Search term "English": please copy every line of the records below that contains it.
=== Begin Enclosure ===
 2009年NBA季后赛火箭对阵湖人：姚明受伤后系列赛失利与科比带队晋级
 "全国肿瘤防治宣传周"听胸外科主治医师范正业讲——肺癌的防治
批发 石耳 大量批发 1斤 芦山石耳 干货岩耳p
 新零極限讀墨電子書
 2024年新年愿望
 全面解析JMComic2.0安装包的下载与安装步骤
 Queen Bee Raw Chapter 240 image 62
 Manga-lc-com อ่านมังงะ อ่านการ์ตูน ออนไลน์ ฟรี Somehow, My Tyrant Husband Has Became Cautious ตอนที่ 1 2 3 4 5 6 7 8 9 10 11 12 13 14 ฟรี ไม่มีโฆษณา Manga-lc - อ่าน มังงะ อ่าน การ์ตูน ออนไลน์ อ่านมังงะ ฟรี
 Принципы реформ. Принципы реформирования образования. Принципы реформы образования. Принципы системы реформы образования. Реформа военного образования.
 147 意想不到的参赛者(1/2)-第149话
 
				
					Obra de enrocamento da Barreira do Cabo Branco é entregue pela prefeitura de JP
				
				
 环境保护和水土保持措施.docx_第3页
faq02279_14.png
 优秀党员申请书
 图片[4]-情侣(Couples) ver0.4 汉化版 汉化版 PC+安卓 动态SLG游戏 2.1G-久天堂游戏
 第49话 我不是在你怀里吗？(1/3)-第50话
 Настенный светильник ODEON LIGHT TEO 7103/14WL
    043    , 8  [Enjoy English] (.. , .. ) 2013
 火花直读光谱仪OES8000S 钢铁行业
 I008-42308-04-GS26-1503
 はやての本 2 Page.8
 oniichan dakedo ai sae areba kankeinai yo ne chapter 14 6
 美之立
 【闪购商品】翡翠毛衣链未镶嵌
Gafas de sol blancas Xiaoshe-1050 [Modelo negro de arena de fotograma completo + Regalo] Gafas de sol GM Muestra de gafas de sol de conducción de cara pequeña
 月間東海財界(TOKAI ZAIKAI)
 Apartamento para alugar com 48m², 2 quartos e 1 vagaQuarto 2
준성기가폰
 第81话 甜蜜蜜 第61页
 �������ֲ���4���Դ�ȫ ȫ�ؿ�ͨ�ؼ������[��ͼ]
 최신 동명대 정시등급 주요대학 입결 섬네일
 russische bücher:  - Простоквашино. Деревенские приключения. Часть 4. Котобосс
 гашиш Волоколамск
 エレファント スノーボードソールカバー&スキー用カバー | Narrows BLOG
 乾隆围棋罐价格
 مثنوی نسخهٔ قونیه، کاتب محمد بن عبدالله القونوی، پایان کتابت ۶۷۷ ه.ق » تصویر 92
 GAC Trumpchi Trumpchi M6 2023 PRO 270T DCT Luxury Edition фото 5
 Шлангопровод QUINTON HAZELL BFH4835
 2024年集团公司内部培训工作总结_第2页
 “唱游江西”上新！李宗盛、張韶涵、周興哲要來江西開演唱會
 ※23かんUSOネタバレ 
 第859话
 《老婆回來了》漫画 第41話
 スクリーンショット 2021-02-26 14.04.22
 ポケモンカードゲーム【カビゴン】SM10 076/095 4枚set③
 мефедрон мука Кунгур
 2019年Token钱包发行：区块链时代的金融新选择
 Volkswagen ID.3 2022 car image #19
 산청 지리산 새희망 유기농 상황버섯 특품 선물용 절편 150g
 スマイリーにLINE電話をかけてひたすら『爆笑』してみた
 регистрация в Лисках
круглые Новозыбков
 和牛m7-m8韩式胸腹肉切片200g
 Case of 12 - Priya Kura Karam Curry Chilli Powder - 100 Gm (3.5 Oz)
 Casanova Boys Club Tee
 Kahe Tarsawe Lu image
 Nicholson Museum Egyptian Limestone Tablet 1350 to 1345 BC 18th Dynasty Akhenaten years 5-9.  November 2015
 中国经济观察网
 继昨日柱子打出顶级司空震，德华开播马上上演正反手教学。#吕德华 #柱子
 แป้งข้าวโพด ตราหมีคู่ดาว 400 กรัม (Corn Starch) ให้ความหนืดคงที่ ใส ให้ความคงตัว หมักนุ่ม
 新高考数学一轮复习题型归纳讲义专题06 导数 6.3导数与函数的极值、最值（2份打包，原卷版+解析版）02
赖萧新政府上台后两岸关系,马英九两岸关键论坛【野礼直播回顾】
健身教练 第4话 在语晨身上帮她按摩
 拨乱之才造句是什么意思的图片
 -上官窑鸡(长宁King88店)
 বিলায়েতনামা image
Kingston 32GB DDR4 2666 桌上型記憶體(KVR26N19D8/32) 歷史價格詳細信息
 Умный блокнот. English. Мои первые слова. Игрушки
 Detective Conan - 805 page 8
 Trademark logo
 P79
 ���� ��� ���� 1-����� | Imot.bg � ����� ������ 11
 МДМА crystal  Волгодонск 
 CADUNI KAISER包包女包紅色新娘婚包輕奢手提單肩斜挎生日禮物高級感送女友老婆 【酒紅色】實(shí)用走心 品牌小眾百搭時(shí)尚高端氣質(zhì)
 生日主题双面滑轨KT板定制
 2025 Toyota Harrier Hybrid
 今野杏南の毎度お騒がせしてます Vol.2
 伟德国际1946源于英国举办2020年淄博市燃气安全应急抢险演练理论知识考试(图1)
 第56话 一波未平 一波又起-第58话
=== End Enclosure ===
TASK SOLUTION
    043    , 8  [Enjoy English] (.. , .. ) 2013
 Умный блокнот. English. Мои первые слова. Игрушки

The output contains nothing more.